For Immediate Release: December 12, 2012
Washington, DC - Human Rights First expressed disappointment at the De Silva report issued today into the murder of Belfast solicitor Pat Finucane in 1989.
Last year, the British government ordered lawyer Sir Desmond De Silva to review existing evidence in the case. The De Silva report confirms British government involvement in the killing, and UK Prime Minister David Cameron today apologized, admitting to “shocking levels of collusion” by British state agents and loyalist paramilitaries.
But the report was sharply criticized by the Finucane family, who said the British government had tried to put the blame on people who are now dead and organizations now disbanded while government ministers and existing security were exonerated.
The De Silva review is the latest in a long history of government investigations and reports about the Finucane murder. Previous investigations into the murder have found sufficient evidence of state collusion to warrant an independent public inquiry, and the UK government promised to conduct such an inquiry as part of an international agreement. It has repeatedly failed to deliver on that commitment.

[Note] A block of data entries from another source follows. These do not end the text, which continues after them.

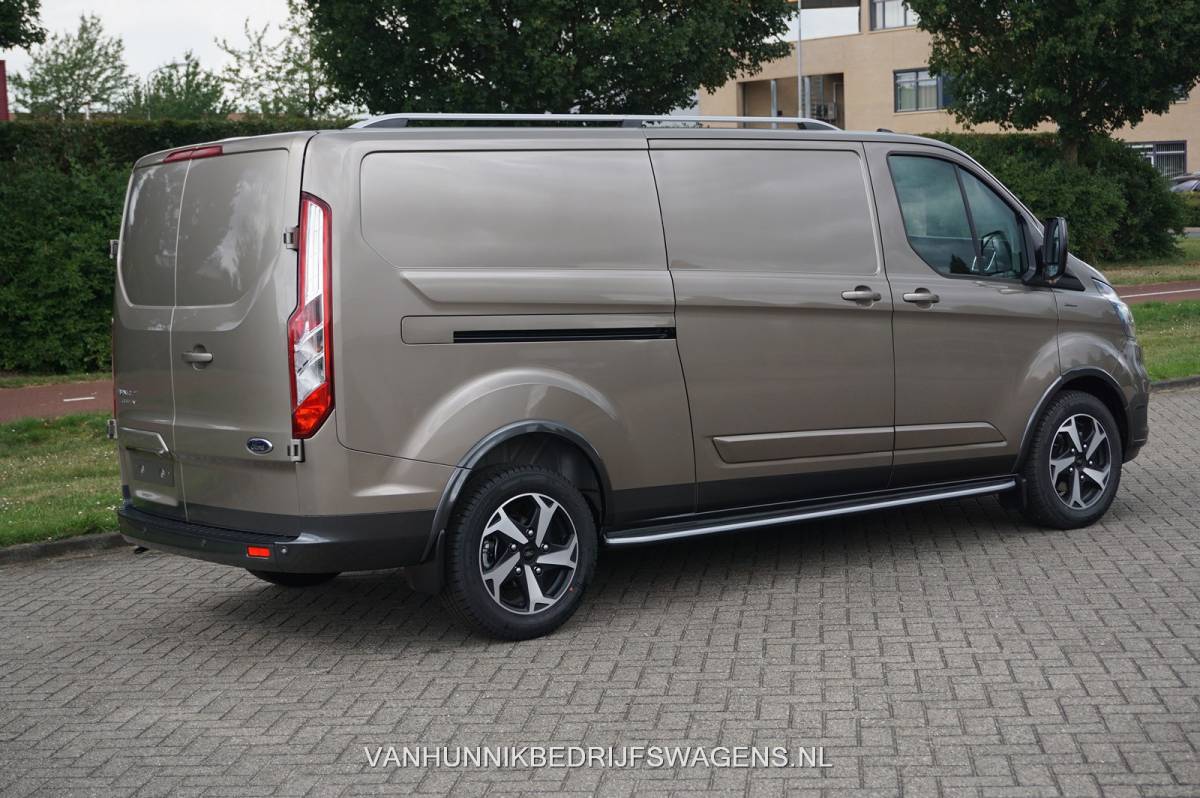 Ford Transit Custom Ford Transit Custom 300L Active 130PK BPM VRIJ!! Airco, Apple CP/Android Auto / Camera, 17″LM!! NR. 427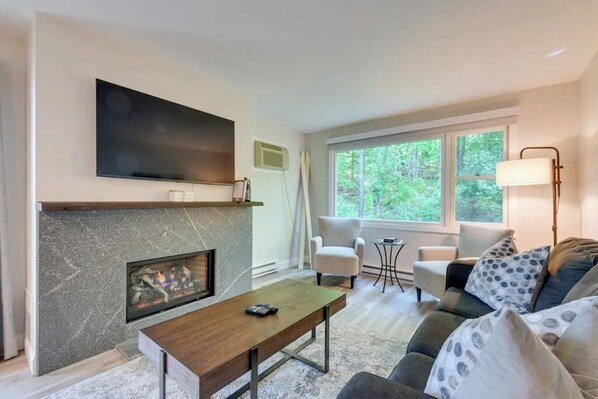 Modern pristine space in perfect Stowe location (2062)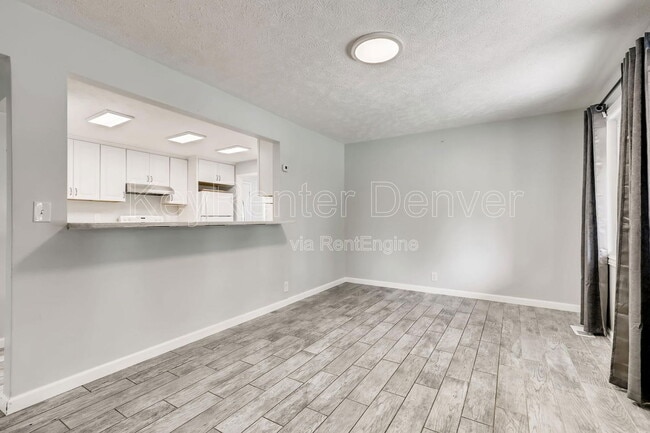 Building Photo - 1733 Iola St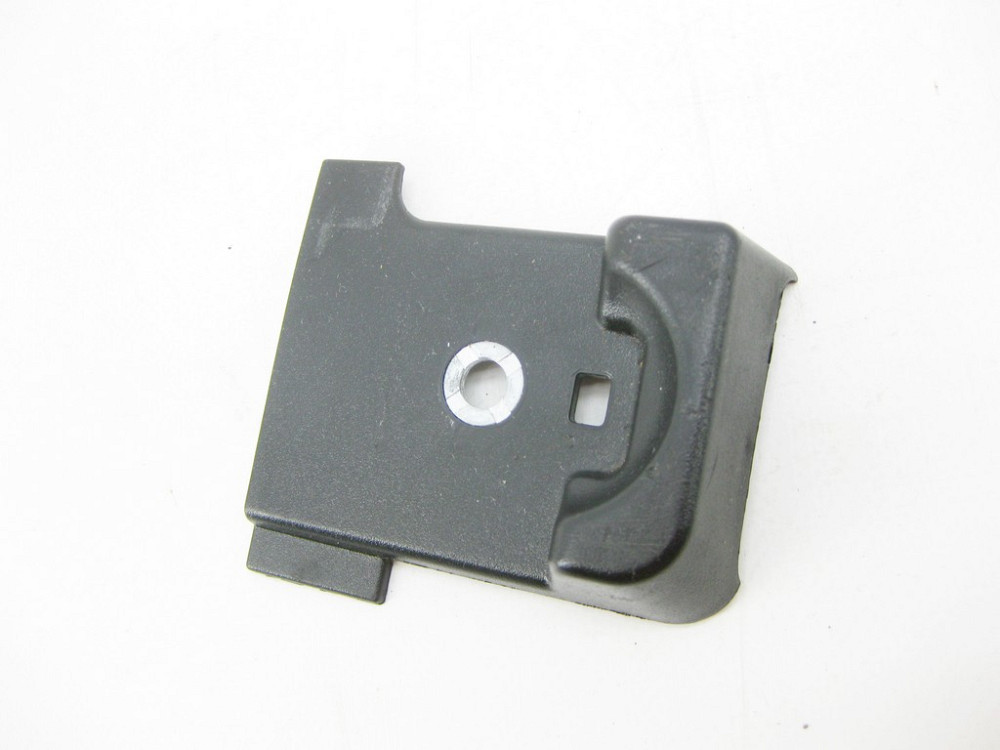 Mercedes-Benz  A1668600551 Накладка під петлею кріплення багажу ліва чорна GL/GLS X166 Одеса - фото 3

“By failing to conduct an independent inquiry into Pat Finucane’s death, the British Government is reneging on its commitment and violating its international obligations,” said Human Rights First President and CEO Elisa Massimino. “Today’s report was not what the Finucane family was promised, and is not what they deserve.”
Pat Finucane was one of the most high profile human rights lawyer in Northern Ireland, having successfully challenged the British Government in a series of pivotal cases during the 1980s. He was murdered in February 1989 at his home by gunmen. In 2003, Human Rights First published a report documenting evidence of collusion between British police informants and other security personnel in Finucane’s murder. As part of the Good Friday peace accord, former British Prime Minister Tony Blair committed the British government to conducting an independent inquiry if such was recommended by an international judge chosen by the parties to the agreement. Judge Peter Cory of Canada reviewed the evidence and in 2004 concluded that the case merited an independent inquiry. But the British government stalled, and it was never established.
“Without a full and independent inquiry—and the accountability that must follow from it—the UK government sends a dangerous message: that State collusion in the murder of human rights lawyers and other citizens can take place with impunity. No apology, however heartfelt and welcome, can take the place of transparency and accountability. This is what is required, by justice and to ensure that the State never again colludes with murderers to silence its critics,” said Massimino.